Records for the exercise:
▽

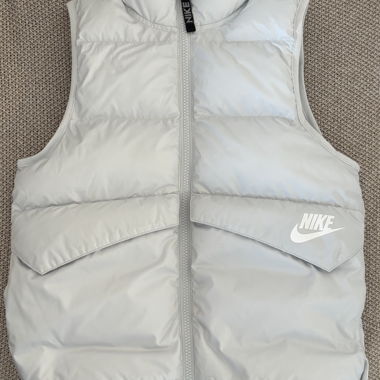 Gilet matelassé Nike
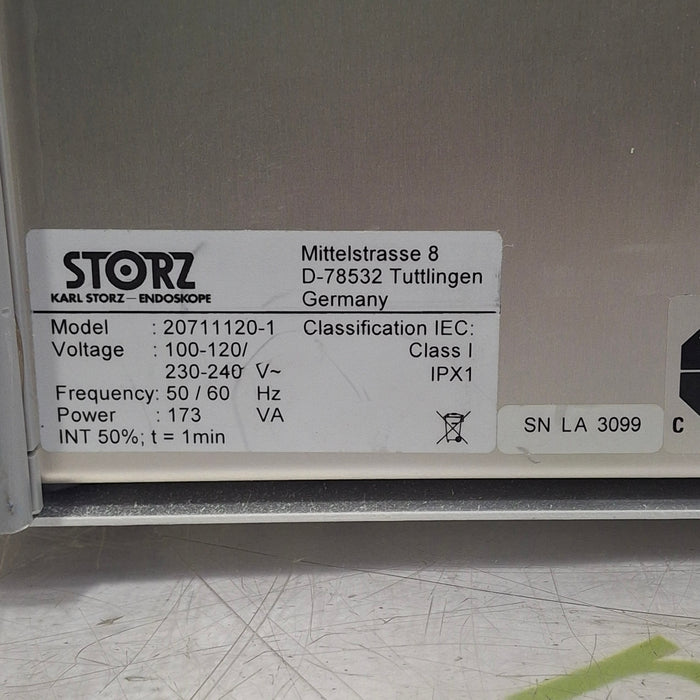 Karl Storz Karl Storz Unidrive 20711120 Endoscopy Console Rigid Endoscopy reLink Medical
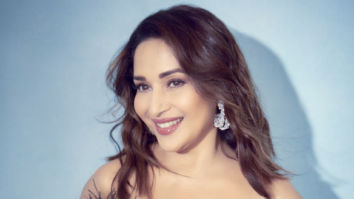 Celeb Photos Of Madhuri Dixit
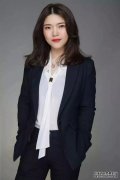 智仁担当|侯家欢律师：择擅长而深耕，携初心以前行
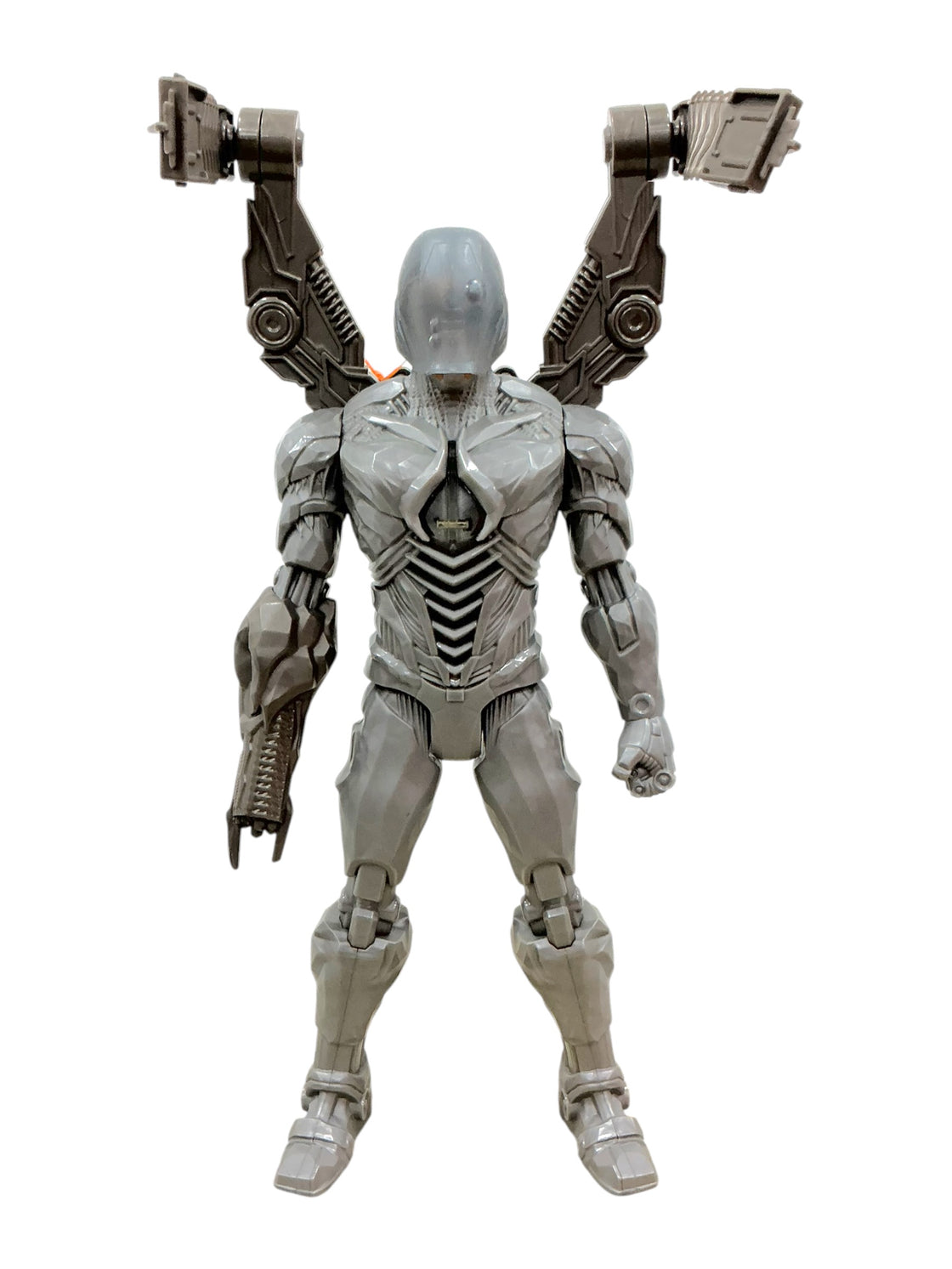 Cyborg (DC)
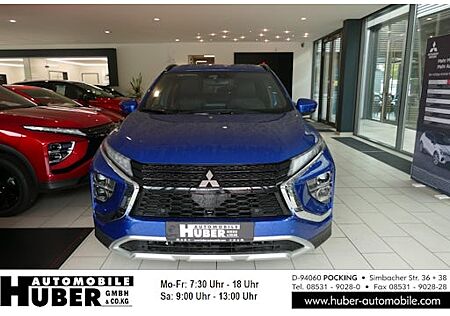 Mitsubishi Eclipse Cross 2.4 PLUG-IN HYBRID 4WD Plus 5 Türen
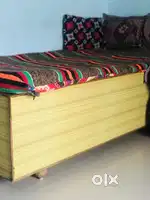 Peti palang
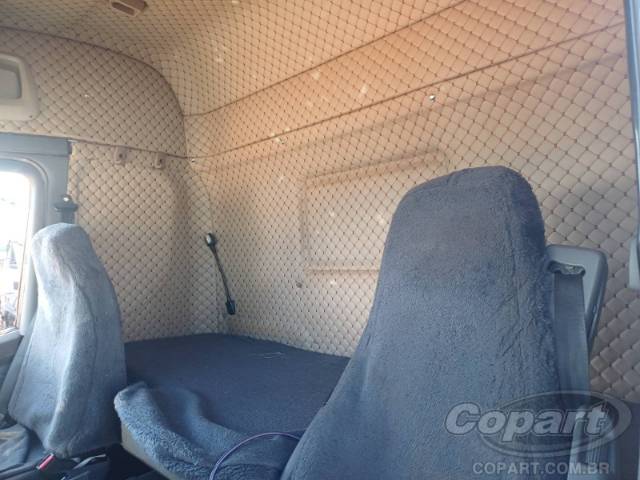 2018 SCANIA R 440 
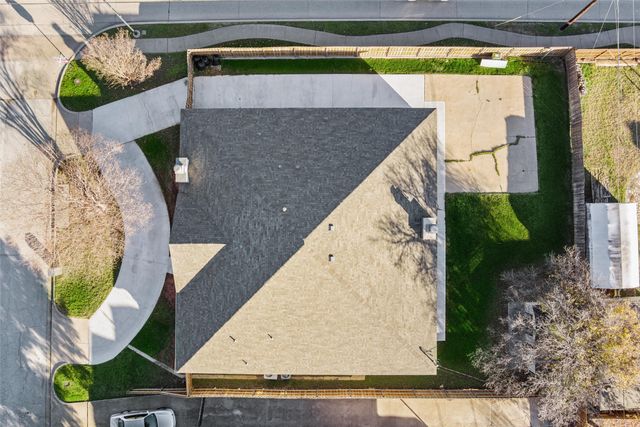 6644 Pleasant Ridge Drive, North Richland Hills, TX 76180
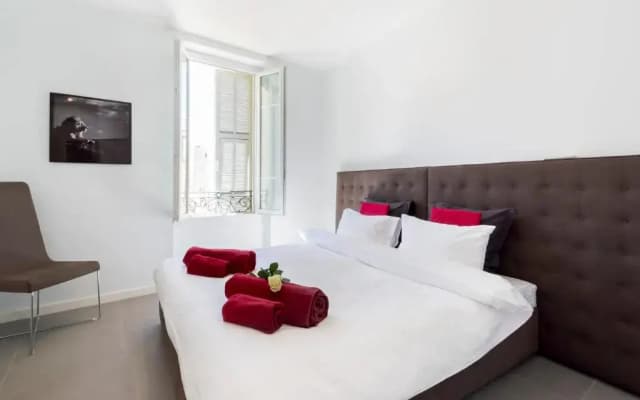 myNICEapartment - photo 4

△

Print all of the data exactly, and do not carry over any pictures.

 Gilet matelassé Nike
 Karl Storz Karl Storz Unidrive 20711120 Endoscopy Console Rigid Endoscopy reLink Medical
 Celeb Photos Of Madhuri Dixit
 智仁担当|侯家欢律师：择擅长而深耕，携初心以前行
 Cyborg (DC)
 Mitsubishi Eclipse Cross 2.4 PLUG-IN HYBRID 4WD Plus 5 Türen
 Peti palang
 2018 SCANIA R 440 
 6644 Pleasant Ridge Drive, North Richland Hills, TX 76180
 myNICEapartment - photo 4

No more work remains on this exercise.